However, even though the cell transistor is turned off in a stand-by mode, the data stored in the cell capacitor (that is, an electrical charge) may be lost through various leakage current paths as time elapses. The leakage current paths are closely related to characteristics of the cell transistor. For example, if the so-called interface trap density that is generally known to exist between a gate insulating layer of the cell transistor and the surface of the semiconductor substrate increases or the channel length of the cell transistor decreases, the cell transistor may exhibit high leakage current when the cell transistor is turned off. Thus, the DRAM devices employ refresh circuits to periodically re-store desired data into the cell capacitors.
If the cell transistor shows high leakage current, a cycle time of the refresh operation may be reduced. In this case, power consumption of the DRAM device may increase. Thus, leakage current characteristic of the cell transistor should be improved in order to realize a low power DRAM device.
Most semiconductor devices including the DRAM devices are fabricated using a hydrogen alloy process as a back-end process. The hydrogen alloy process is very effective to reduce defects of a MOS transistor, particularly an interface trap density between a gate insulating layer and a surface of a semiconductor substrate. Thus, if the hydrogen alloy process is performed, the refresh characteristic of the DRAM device can be improved. In general, the hydrogen alloy process is performed after formation of metal interconnections and a passivation layer.
In order to improve an integration density and an operating speed of the DRAM device, a multi-layered metal technique has been widely used and the cell transistor has been gradually scaled down. In this case, a topmost metal layer used as a power line may be disposed over a cell array region of the DRAM device. The power line is typically designed to have a plate shape, thereby covering most of the cell array region. This is for minimizing voltage drop due to power line resistance. In this case, even though the hydrogen alloy process is performed, the planar type topmost metal layer covering the cell array region may prevent hydrogen atoms provided during the hydrogen alloy process from reaching the interface of the gate insulating layer of the cell transistor. Thus, when the multi-layered metal technique is employed in the DRAM device, there may be limited improvement in the refresh characteristic of the DRAM device.
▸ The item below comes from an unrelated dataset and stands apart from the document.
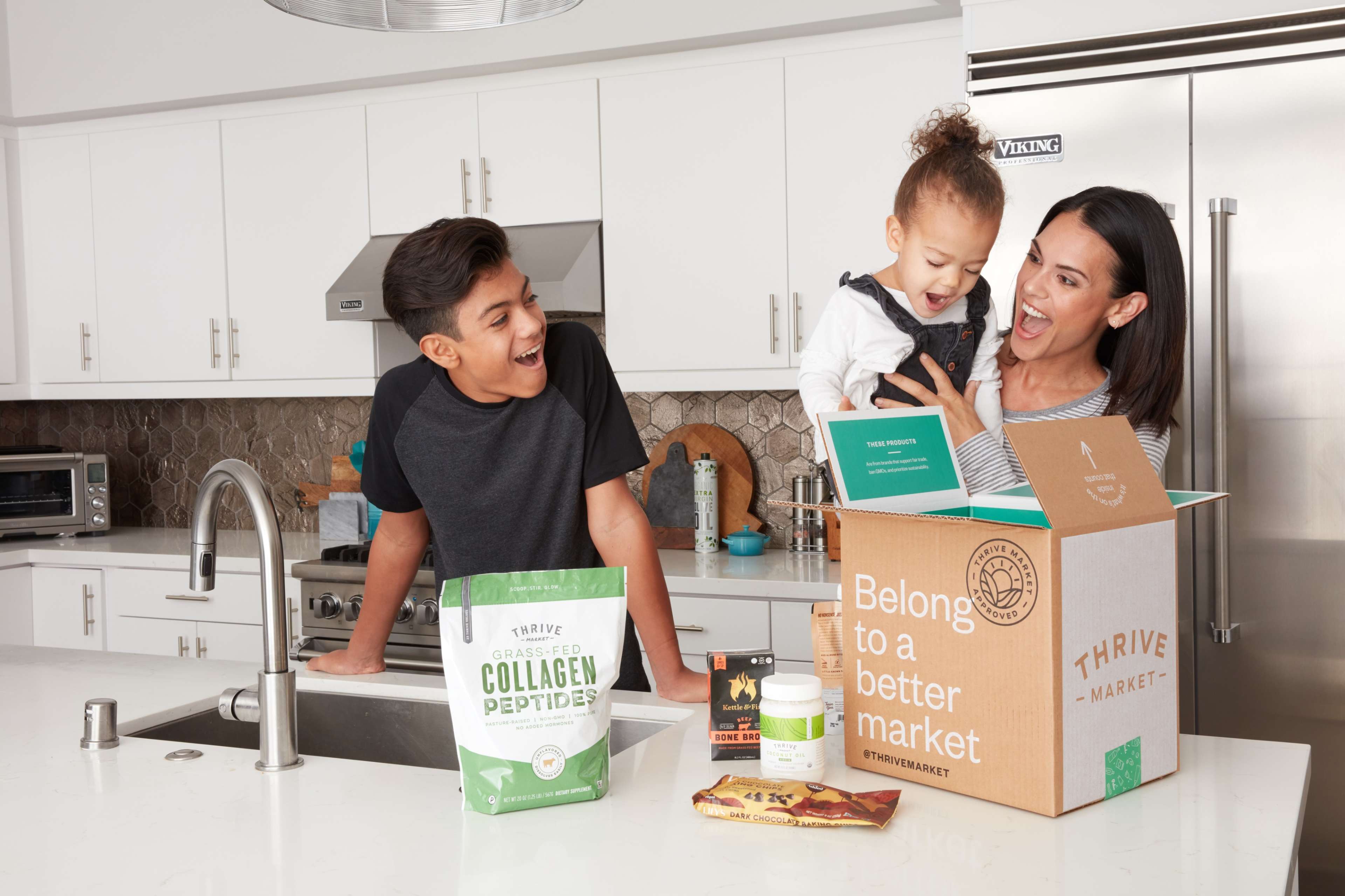 A woman and a boy in a kitchen joyfully unpack a box from Thrive Market while a young child is being held by the woman.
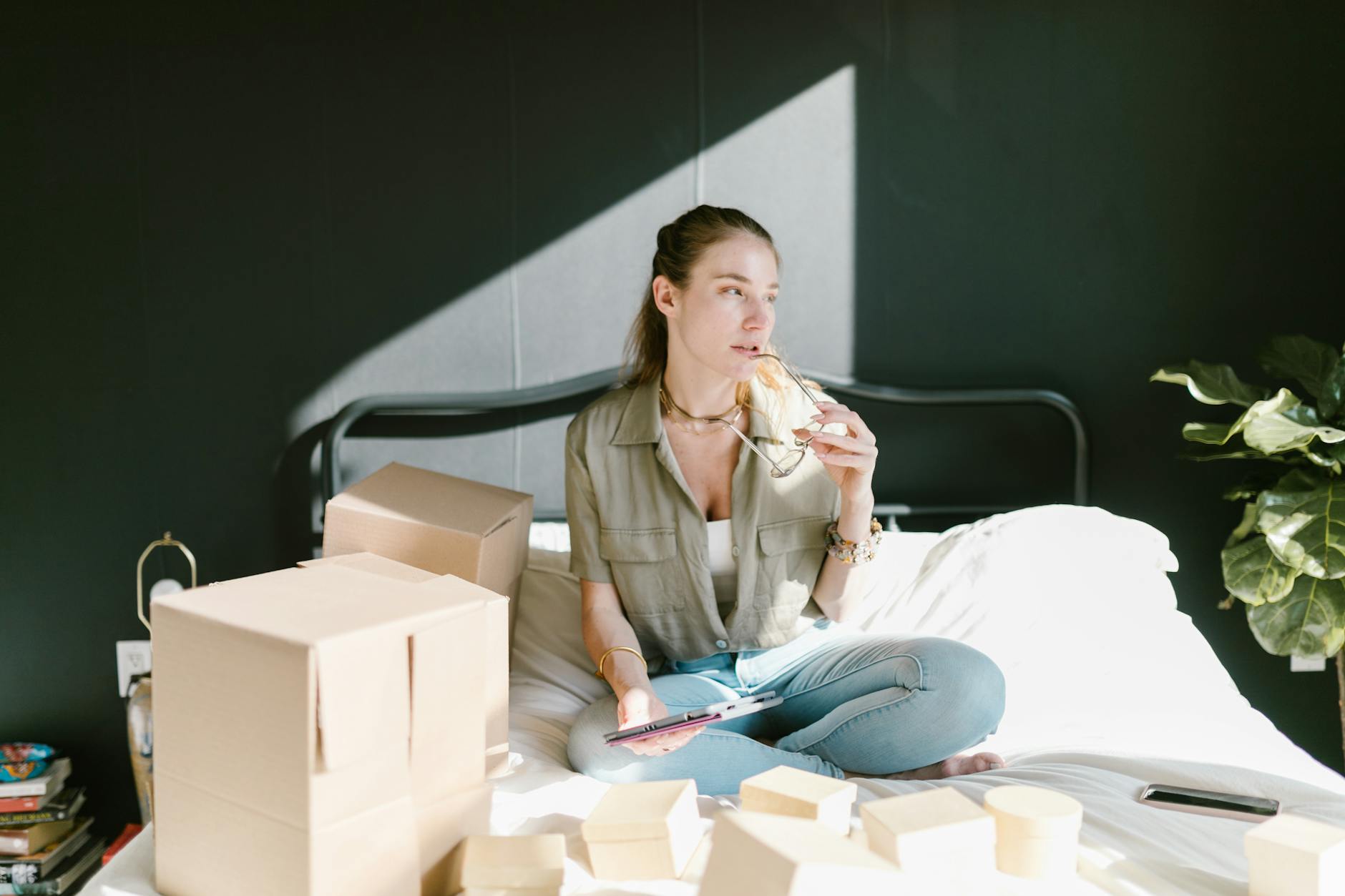 A woman sits with tablet and coffee, organizing her home-based e-commerce setup with boxes.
A semiconductor device having a metal layer is described in U.S. Pat. No. 5,229,642 to Hara et al., entitled “Resin Molded Type Semiconductor Device Having a Conductor Film.” According to Hara et al., a metal guard ring is provided on an edge of a tetragonal semiconductor substrate, and the substrate having the metal guard ring is covered with a passivation layer. If the substrate having the passivation layer is encapsulated by a package process using a resin molding layer, the stress due to the resin molding layer may be concentrated on the passivation layer on four corner regions of the semiconductor substrate. As a result, cracks may be generated inside the passivation layer. Thus, Hara et al. provides a hole such as a slit in the metal guard ring on the four corner regions in order to alleviate the stress of the resin molding layer.